Quelques jours avant qu'il ne vienne annoncer son renoncement à se porter candidat à la Mairie de Paris (mais pas à celle du 18e arrondissement) et son soutien à Benjamin Griveaux, Pierre-Yves Bournazel était l'invité d'un café débat organisé par la chambre des notaires de Paris. L'occasion pour lui de rappeler ses idées et « une indépendance » qu'il réaffirmera même au moment de soutenir celui face auquel il aurait pu se présenter.

Pierre-Yves Bournazel se présente en toute humilité devant les notaires, comme un fidèle de Paris. « Fidèlement », c'est d'ailleurs la formule de politesse qu'il emploie dans la lettre qu'il adresse aux Parisiens qui annonce le retrait de sa candidature. Il reste en course toutefois dans le 18e, un arrondissement qui l'avait élu à l'Assemblée nationale en 2017 et qui permet de voir « Paris en grand ainsi que ses contradictions ». Paris en grand…

Changer d'échelle

Paris en grand et Grand Paris car « Changer d'échelle » est un des leitmotivs du fondateur du petit parti Agir. C'est même pour lui une nécessité sur au moins quatre grandes questions, à savoir le logement, la pollution de l'air, la mobilité et l'attractivité économique. Changer d'échelle implique, pour lui, une simplification des trop nombreux échelons administratifs en Île-de-France. Dénonçant l'égoïsme d'élus locaux qui « tiennent à leur pré-carré », il souligne que c'est à la loi d'intervenir à ce sujet. Cependant, de son point de vue, le Maire de Paris peut déjà faire preuve d'initiative. Il proposait ainsi la tenue d'une conférence métropolitaine pour montrer qu'il est possible de travailler entre élus sans attendre la loi. À son programme était aussi inscrite, avec l'accord de Valérie Pécresse, présidente de la région, la fusion des offices de tourisme de la ville et de la région qui sont aujourd'hui redondants. La métropole doit par ailleurs s'élargir pour Pierre-Yves Bournazel pour intégrer Roissy et Saclay, sans quoi il lui manquerait quelque chose. Il se dit même prêt à organiser un référendum auprès des parisiens pour valider la mise en commun des compétences.

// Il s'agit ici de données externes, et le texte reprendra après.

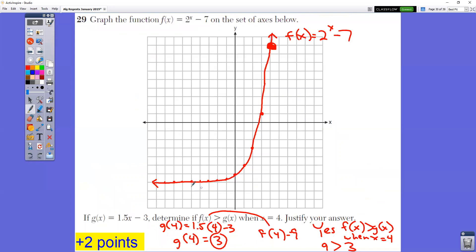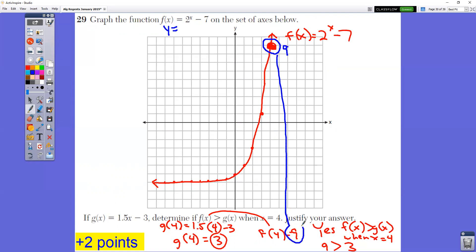In question number 29, graph the function by typing it into your Y equals, then hit second and table to find all your coordinates. Make sure that you have arrows on the ends because the line goes on forever in both directions. If g(x) equals this expression, determine if f(x) is greater than g(x) when x equals 4. When x equals 4 on the graph, f(x) equals 9. For g(x), substitute 4 in: 1.5 times 4 minus 3 gives an answer of 3. Is 9 bigger than 3? Yes, and this work shown justifies your answer.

Pour le logement, le pari de la qualité

Sur les quatre sujets précités, il a, devant les notaires, presque logiquement, évoqué plus longuement la question du logement. Selon lui, les candidats qui affirment qu'ils vont résoudre le problème du logement en se contentant de regarder à l'intérieur du périphérique mentent. A défaut de jouer le jeu du Grand Paris en la matière, quitte même à financer des logements dans des communes voisines pour des parisiens qui seraient demandeurs, on aboutirait selon le député à un bétonnage que ne serait pas souhaitable. Il redit ainsi, notamment, son opposition au projet Bercy-Charenton. « Personne, dit-il, ne veut vivre dans des tours qui soient à l'intersection du périphérique et de la A4 », d'autant que cela instaurerait, selon lui, une nouvelle frontière entre Paris et sa banlieue. Étant donné sa proximité avec le fleuve, Pierre-Yves Bournazel y voit plutôt une opportunité pour réaliser l'espace de logistique qu'il manque à la capitale. Il proclame son envie de renoncer à une « politique du chiffre », peu importe si sont atteintes les 45 000 créations de logements sociaux, nécessaires pour que la capitale entre dans les quotas légaux, précise-t-il, ne craignant pas que le maire de Paris soit carencé, c'est-à-dire que la ville soit privée de sa compétence en termes de permis de construire. Il faut, selon lui, construire progressivement car importe de mettre l'accent sur la qualité, trop souvent négligée. À Paris, et dans une perspective qui est aussi environnementale, c'est beaucoup sur la rénovation qu'il faut œuvrer. Il s'agit également d'agir pour la diversité sociale en rééquilibrant l'attribution des logements.

Et pour ce qui est d'une tension sur les prix, Pierre-Yves Bournazel y voit une affaire d'offre et de demande : « on a besoin d'offre pour atteindre un équilibre », une offre qui selon lui doit venir des nouveaux pôles que le Grand Paris Express va créer. En la matière, Paris doit être partie prenante car en bénéficie, le métro permettant son désengorgement. Et pour ce qui est de « l'effet AirBnb », le député demande une loi qui permette de transférer la compétence de régulation aux maires pour plafonner le nombre de nuitées, car les intérêts en la matière sont différents selon les villes, et mêmes selon les arrondissements. Il demande aussi qu'un contrôle a priori, plutôt qu'a posteriori qui permet trop la triche, soit mené avec des sanctions fermes.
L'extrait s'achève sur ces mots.